----- Information shown

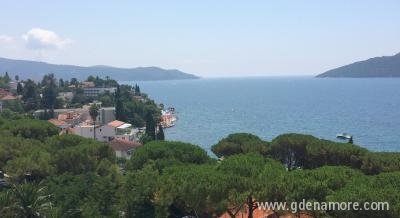 Apartman Dejan, Privatunterkunft im Ort Herceg Novi, Montenegro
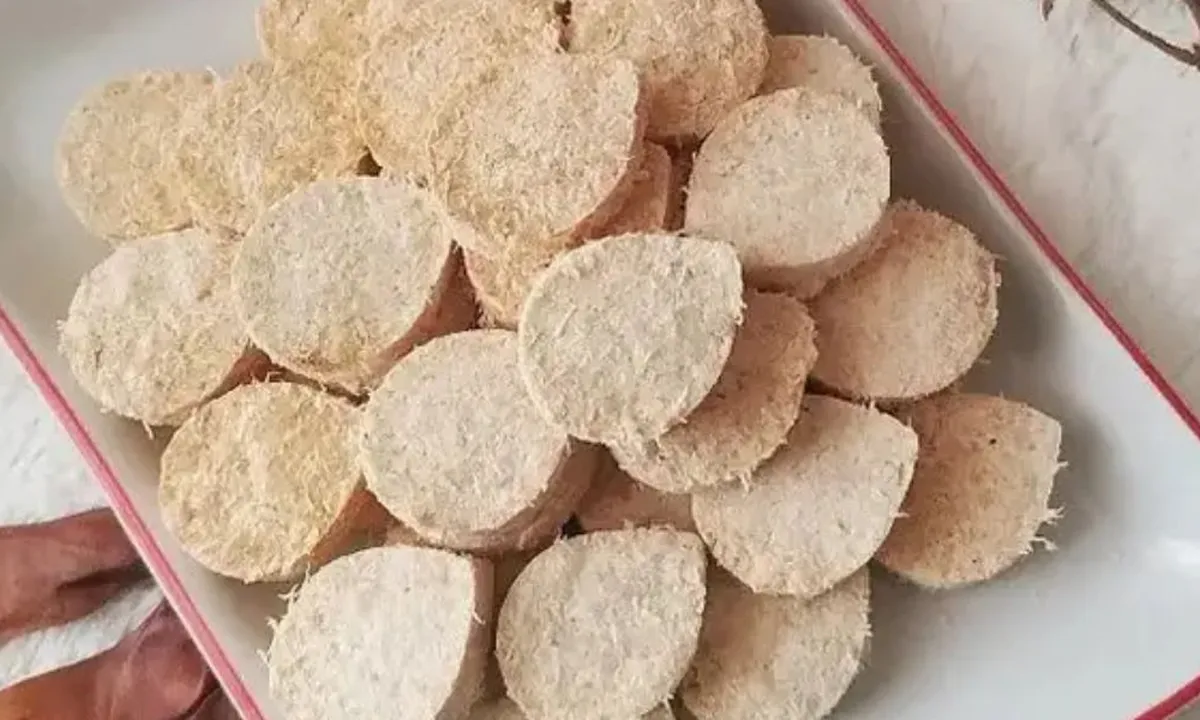 Resep Sagon Kelapa, Nikmati Kelegendarisan Rasa yang Menggoda!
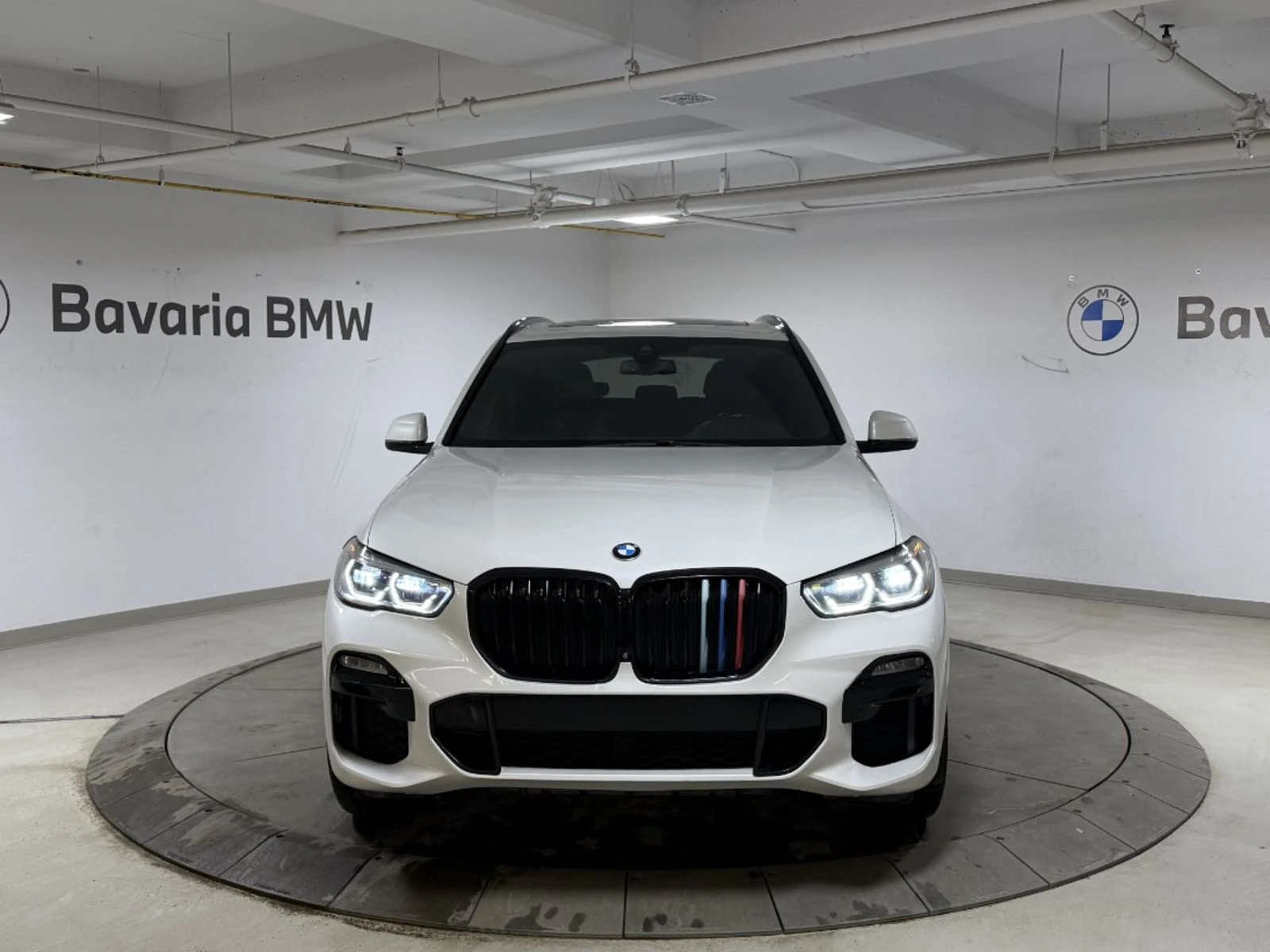 BMW X5 MPACK* �����* ����* �������* LASER* HEADUP* HARMAN | Mobile.bg � ����������� 2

----------

# The task
Output the listing above exactly, pictures omitted.

# Response box
 Apartman Dejan, Privatunterkunft im Ort Herceg Novi, Montenegro
 Resep Sagon Kelapa, Nikmati Kelegendarisan Rasa yang Menggoda!
 BMW X5 MPACK* �����* ����* �������* LASER* HEADUP* HARMAN | Mobile.bg � ����������� 2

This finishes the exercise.